In a marked contrast to his predecessor, Stephen Harper, PM Trudeau pledged today to work toward a climate agreement that will help preserve the climate for future generations.
“Canada is back, my good friends. We’re here to help to build an agreement that will do our children and grandchildren proud,” he said to cheers by international dignitaries.
This was Trudeau’s first major speech as Canada’s prime minister in an international climate change forum. “We will listen to act on scientific advice,” implement carbon pricing to drive a low-carbon economy, and make climate change a “top government priority,” he said to applause.
Trudeau repeated his promise to work closely with provinces and cities, but also Indigenous leaders.
“Indigenous people have known for thousands of years about how to care of our planet. The rest of us have a lot to learn, and no time to waste.”
But the part of the speech that seemed to stir the most reaction was when Trudeau spoke to his commitment to helping developing nations weather the worst of climate change impacts, with an already announced $2.56 billion climate adaptation fund. He said developing nations should have the right to access “clean development technologies.”
“Many of the world’s most vulnerable countries have done little to contribute to the problem, but face the most significant consequences.”
Sophie Harrison, a 21-year-old B.C. student with the Canadian Youth Delegation took it all in, but hoped for firmer commitments.
“We have seen Trudeau use a lot of positive language on taking strong action on climate change, and not give a lot of details. We’re really worried we’ll see a lot of strong language without the strong action to back it up.”
“We have very clear asks. We want to see a completely fossil-free economy by 2050, and that’s going to take some pretty bold action which has to start now... we need a rapid transition to clean energy, and energy projects that respect Indigenous rights,” added Harrison.

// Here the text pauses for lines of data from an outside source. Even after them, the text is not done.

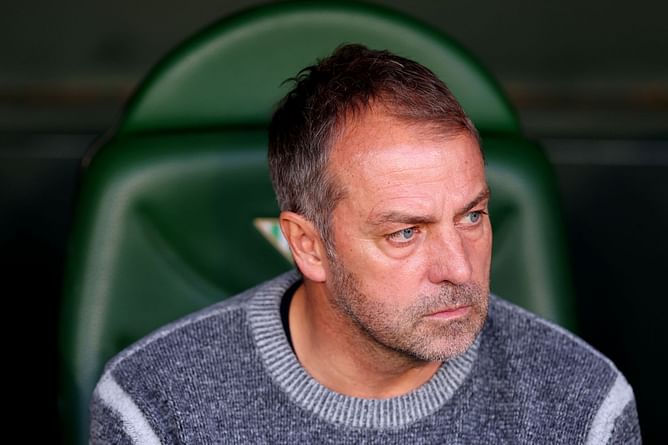 Barcelona Transfer News Roundup: Catalans identify Robert Lewandowski successors, Hansi Flick wants Frenkie de Jong stay, and more - December 8, 2024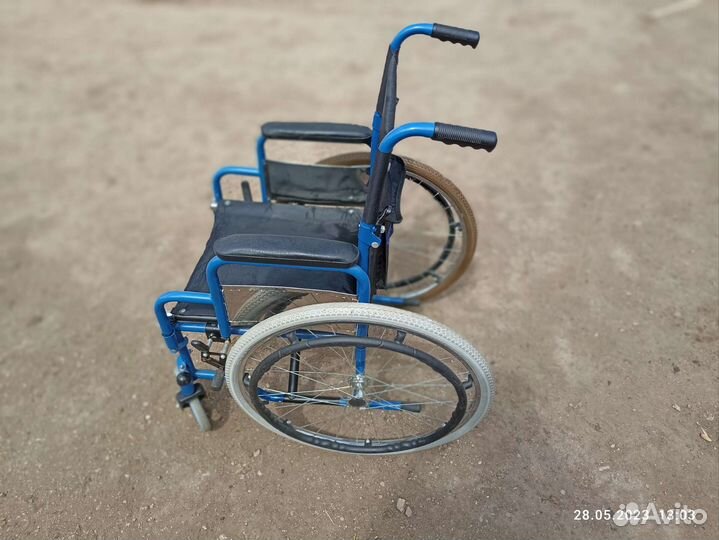 Инвалидная коляска складная бу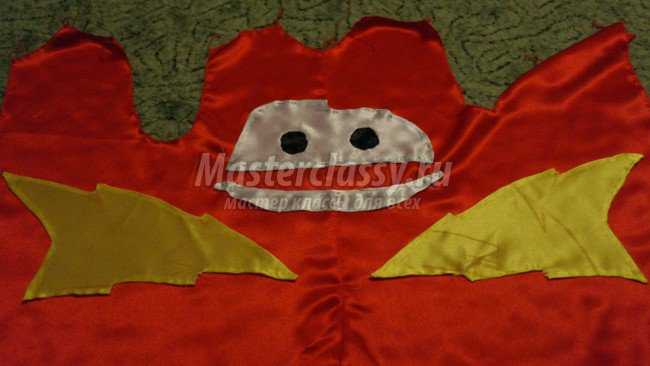 Новогодний костюм Тачки «Молния Маккуин» на ребенка 3 лет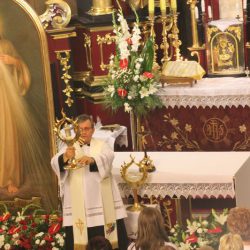 Nawiedzenie obrazu Jezusa Miłosiernego oraz relikwii św. s. Faustyny Kowalskiej i bł. Jana Pawła II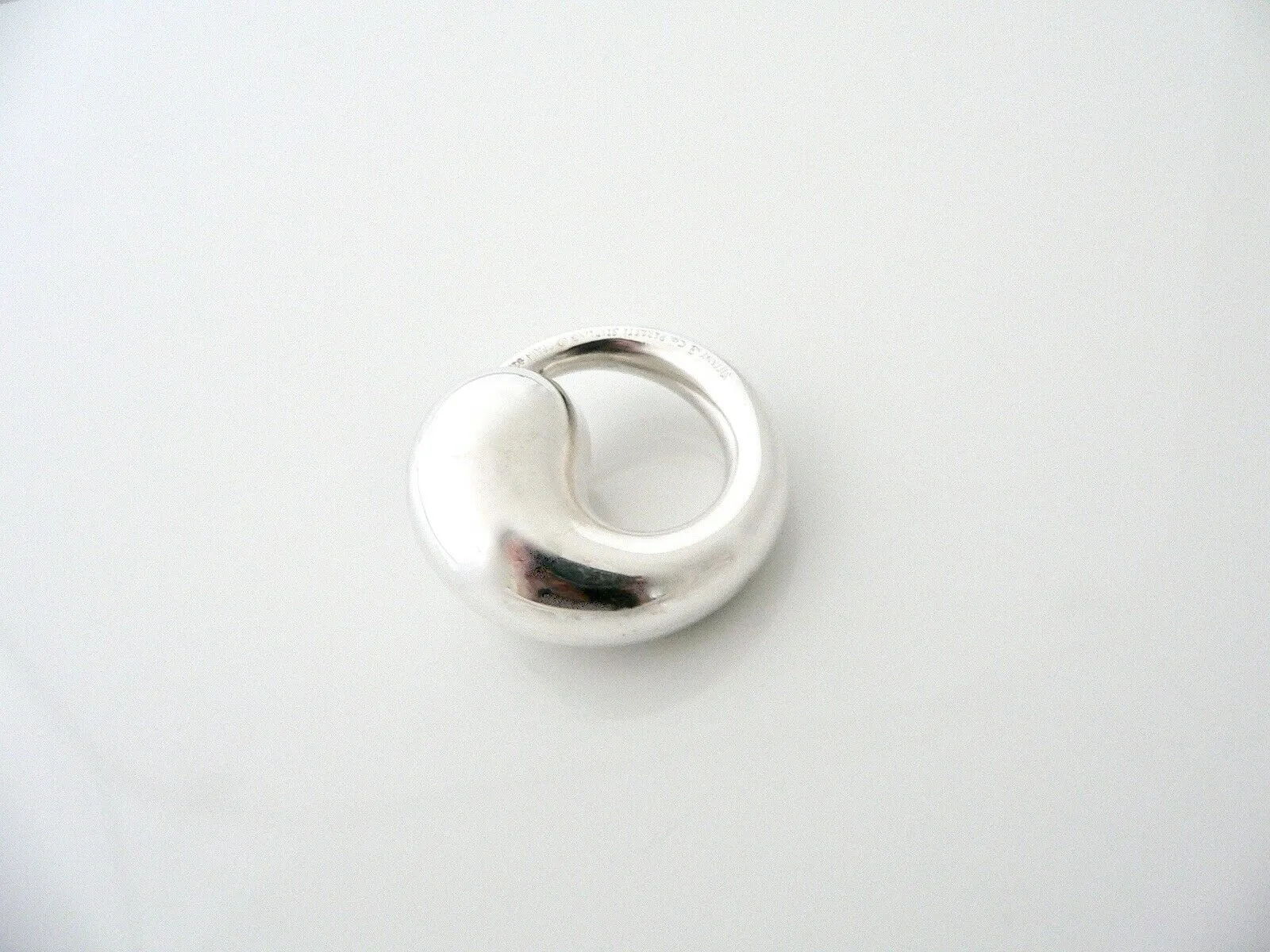 Tiffany & Co Peretti Silver Large 1.4 In Eternal Circle Pendant Charm Love Gift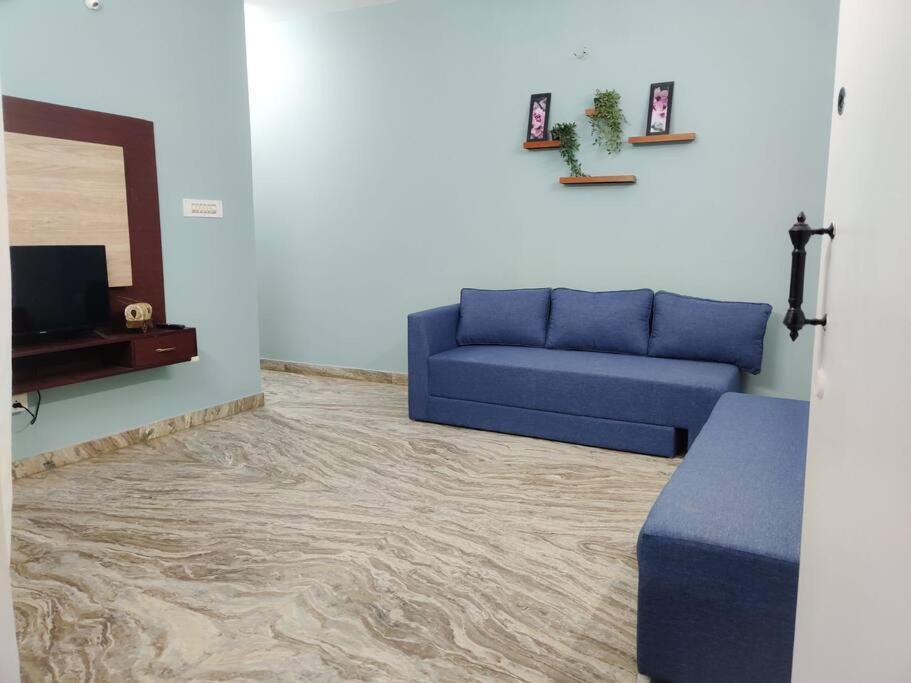 Marine Melody Manor *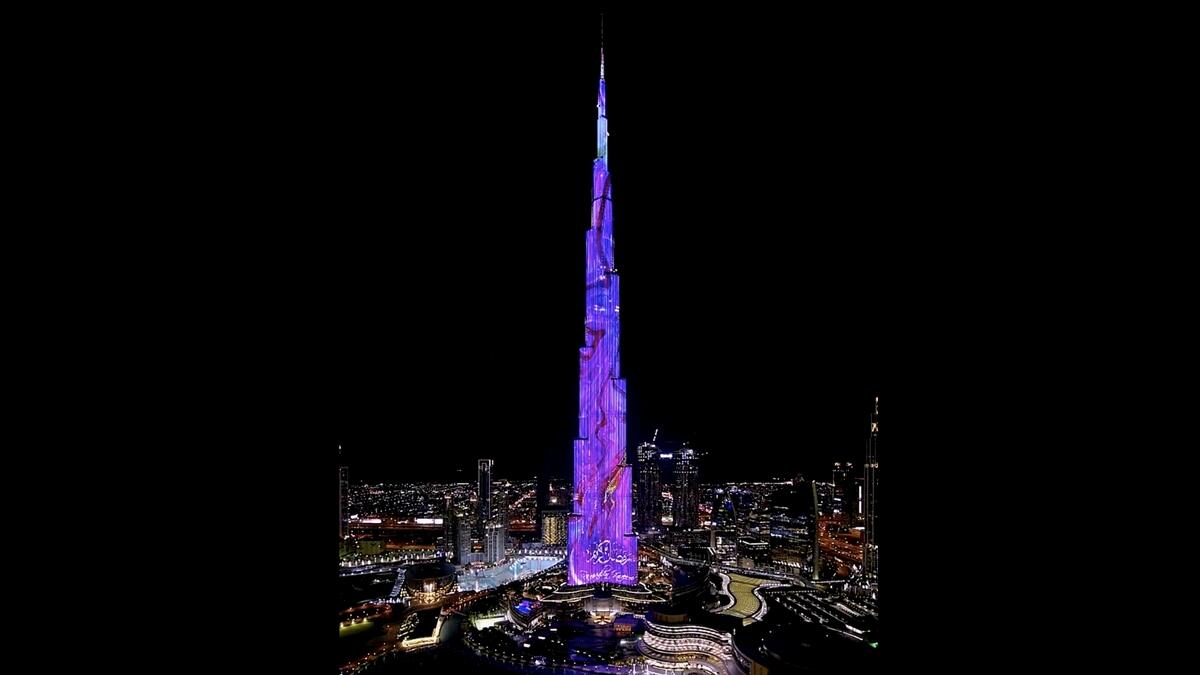 Video: Ramadan at Burj Khalifa with two new LED light shows 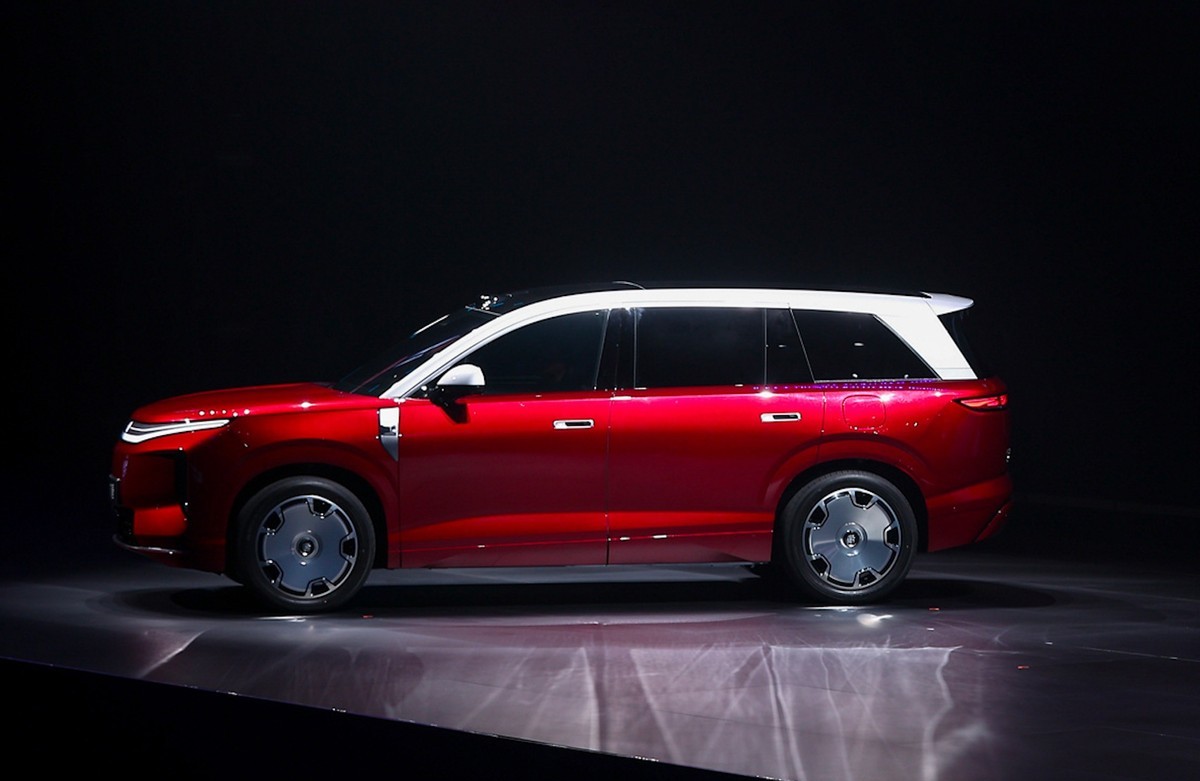 续航950公里，充电只要9分钟，这车真不讲道理。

Climate negotiations observers with the David Suzuki Foundation also wanted more details.
“The recent federal and provincial commitments have been substantial, but are not a complete response for the country,” said Ian Bruce, director of science and policy for foundation.
“In order to seize the opportunity that the global climate summit represents, Canada needs to be clear about where it is going and how long it will take.”
Earlier in the day, Trudeau also gave an impromptu press conference, flanked by five Canadian Premiers: Notley, Clark, Wynne, Couillard and Wall.
Vancouver Mayor Gregor Robertson's chief of staff Michael Magee was impressed. He also attended COP in Copenhagen in 2009, and compared to that meeting, says Magee, Trudeau is exhibiting more joint commitment with provinces on the climate file than anything the Conservatives ever offered.
“It’s a huge, massive change from Copenhagen, where we were witnessing empty chairs at the Canadian desk, and the absence of any commitment to even talk about the issue, let along having physical bodies there.”
“We’ve all been suffering political PTSD… It feels totally revolutionary, from what we’ve had with nine years of Harper,” said Magee.
Trudeau spends another day in Paris on Tuesday, then returns for the opening of Parliament in Ottawa on Thursday, along with environment and climate change Minister McKenna. Canadian negotiators begin the round-the-clock talks Monday night.